Başkentin gelecek hafta en önemli gündemi okullar, öğrenciler ve trafik olacak.
Herkesin kafasında şimdiden;
"Okullar açılınca trafik ne olacak?" sorusu var. Mesai başlangıcında ve sonunda zaten felç olan ana arterler okullar ve servislerle birlikte daha da zorlaşacak görünüyor.
Hele bazı sokaklardaki gereksiz ve zamansız kaldırım yenilemeleri ve asfalt çalışmaları için bulundurulan iş makineleri trafiği tıkamaya zaten yetiyor.
***
Sadece trafik değil derdimiz. Eğitim öğretim bizim memleketimizin en önemli meselesidir. Niye derseniz; bizimle çok oynadılar. Ülkemizle uğraşanların, ülkemizin geleceği ile ilgili hesap yapanların ilk hedefi daima okullar öğrenciler olmuştur. Bu her zaman böyle olmuştur.

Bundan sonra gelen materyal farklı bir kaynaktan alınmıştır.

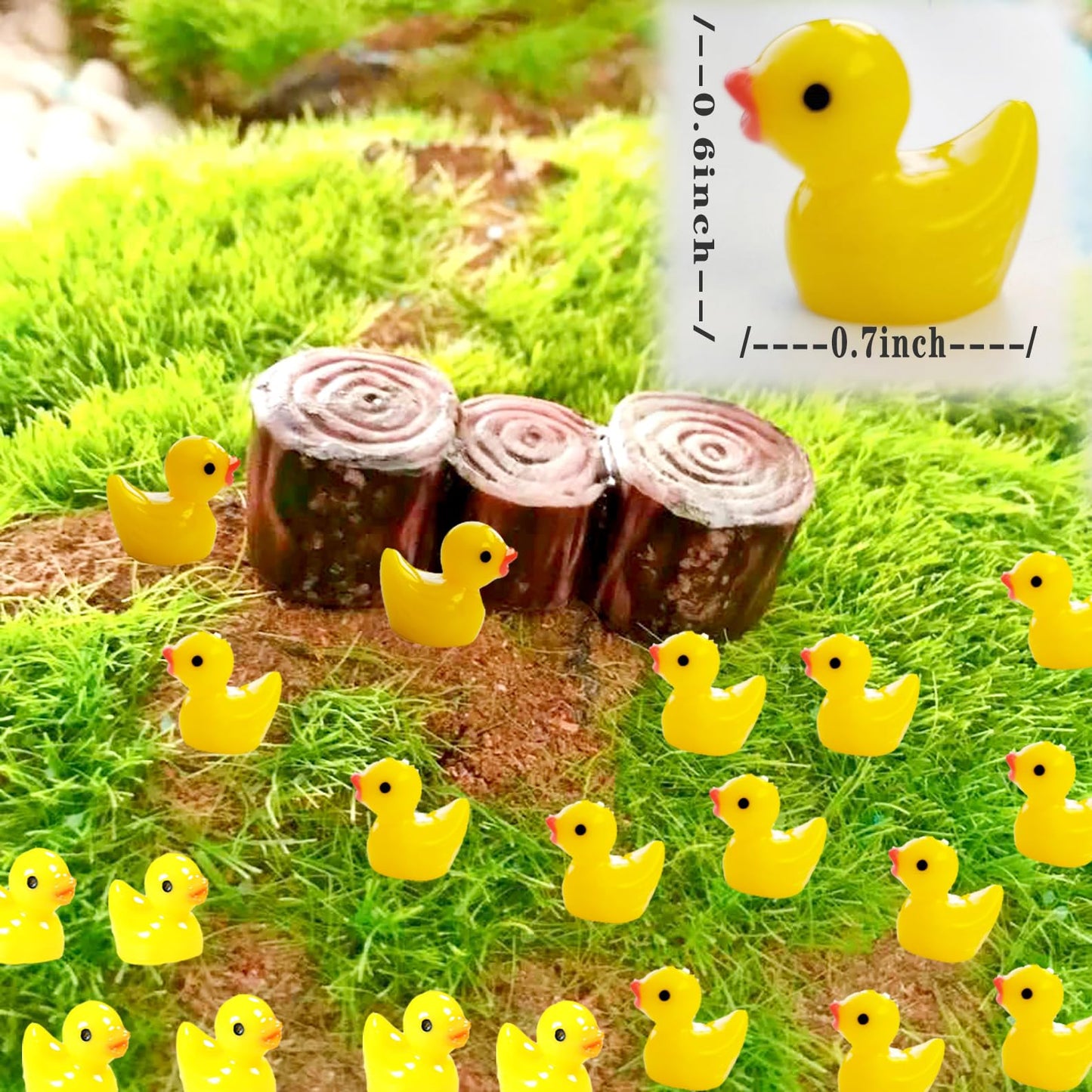 100Pcs Mini Resin Ducks,Small Plastic Ducks Tiny Ducks. For Miniature Dollhouse Decor Accessories,Miniature Characters Fairy Gar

İdeolojik kamplaşmalar ilk önce okullarda başlatılmış memleket evlatları birbirine düşürülmüştür. Ülkemizdeki yabancı okulların durumu da bize eğitimin nasıl ve neden hedef olduğunun ipuçlarını verir. Siz istediğiniz kadar "Kolejde okuyorlar, yabancı dil öğreniyorlar" diye çocuklarınıza kaliteli bir eğitim imkânı sağladığınızı düşünün.

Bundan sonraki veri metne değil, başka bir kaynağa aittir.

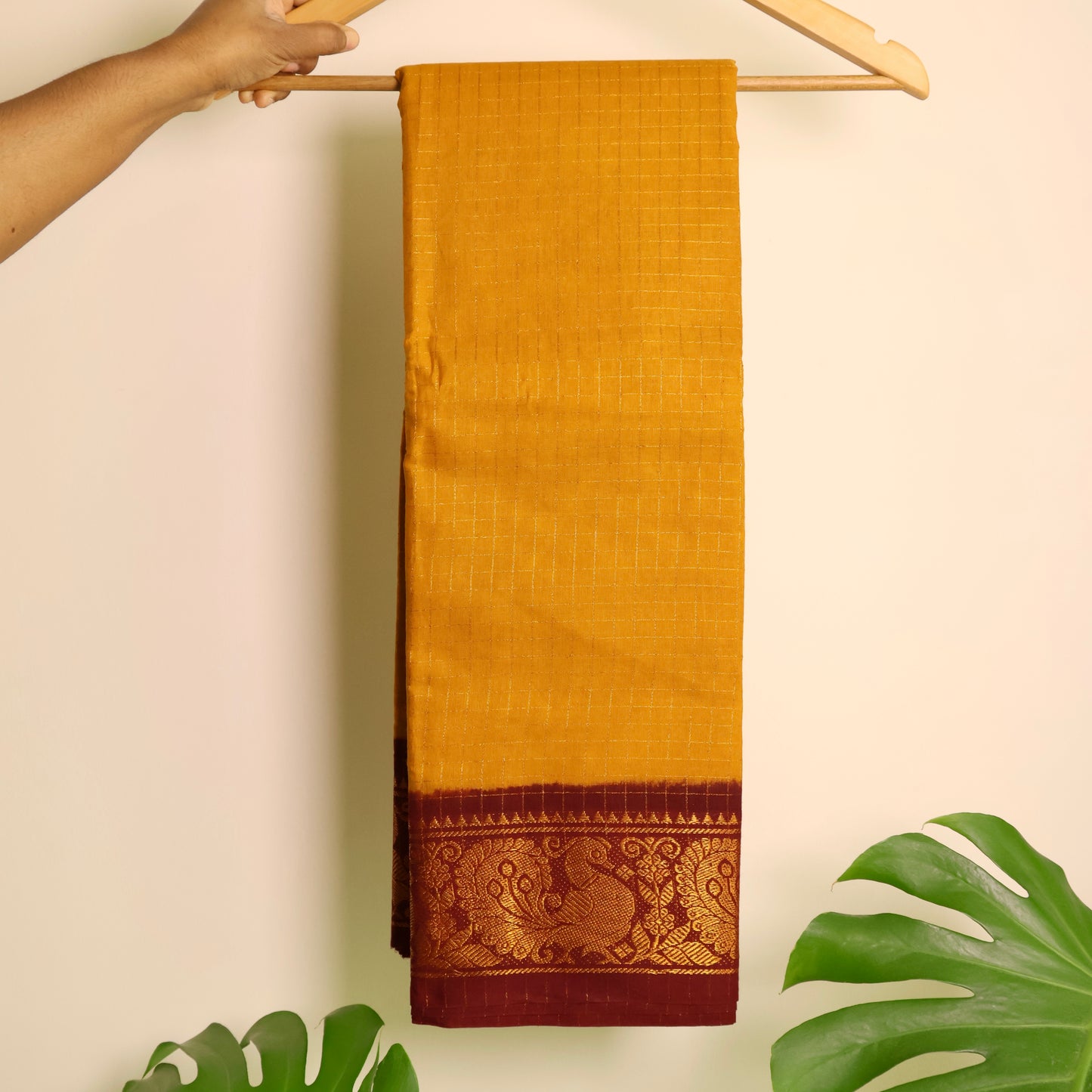 MADURAI SUNGUDI SAREE (Mustard yellow & maroon)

Başkaları bunu hep kullandılar. "Robert kolejler, Amerikan Bord, Fulbright Komisyonları" nedir, nasıl rol oynamışlardır ülkenin geleceğinde yeniden bakmak lazım?!
Aynı çevreler sonra sağlık sektörünü seçmişler çünkü eğitim gibi sağlık da çok önemli..
FETÖ'nün de ilk önce bu iki sektörü seçip hastaneler ve dershanelerle işe (!) başlaması bundandır. Herkesin çocuğu önemlidir, herkes çocuğuna iyi bir eğitim verebilmek için imkânlarını seferber etmektedir; "Cahil kalmasın, kendini kurtarsın" dır amaç.. Ama gelin görün "eğitimci-sağlıkçı" ve son yıllarda "gazeteci kimlikli yıkıcı faaliyet elemanlarının nice gizli işler içinde bulundukları ortaya çıkmıştır.
***
18 Eylül'de 18 milyon öğrenci okulda olacak. Her yıl 1 milyon civarında çocuğun okula başladığını biliyoruz. Ankara'da 3 bine yakın okulda -okul öncesi dâhil- 1 milyonun üzerinde öğrenci ve 80 bin öğretmen ile pazartesi okula koşacaklar, ama nasıl? Okula gitmeleri, dönmeleri, kullanacakları malzeme, giyecekleri, yiyecekleri hepsi aileleri düşündürüyor. Romanya'nın 19 milyon, Yunanistan'ın 11 milyon, Bulgaristan'ın 7 milyon nüfusuyla kıyaslayarak 20 milyon öğrencimizin öğrenciye, veliye, yöneticiye, eğitimciye, siyasetçiye nasıl bir sorumluluk yüklediği apaçık ortadadır.
Hayırlı olsun diyelim, tüm kesimlere kolaylıklar dileyelim ve çocuklarımızın yeni dönemi kazasız belasız tamamlamaları için dua edelim.
Bu satırların yazarı çocukların güvenliği ve okul yöneticilerinin sorumluluğu noktasında bilhassa takipçi olacak.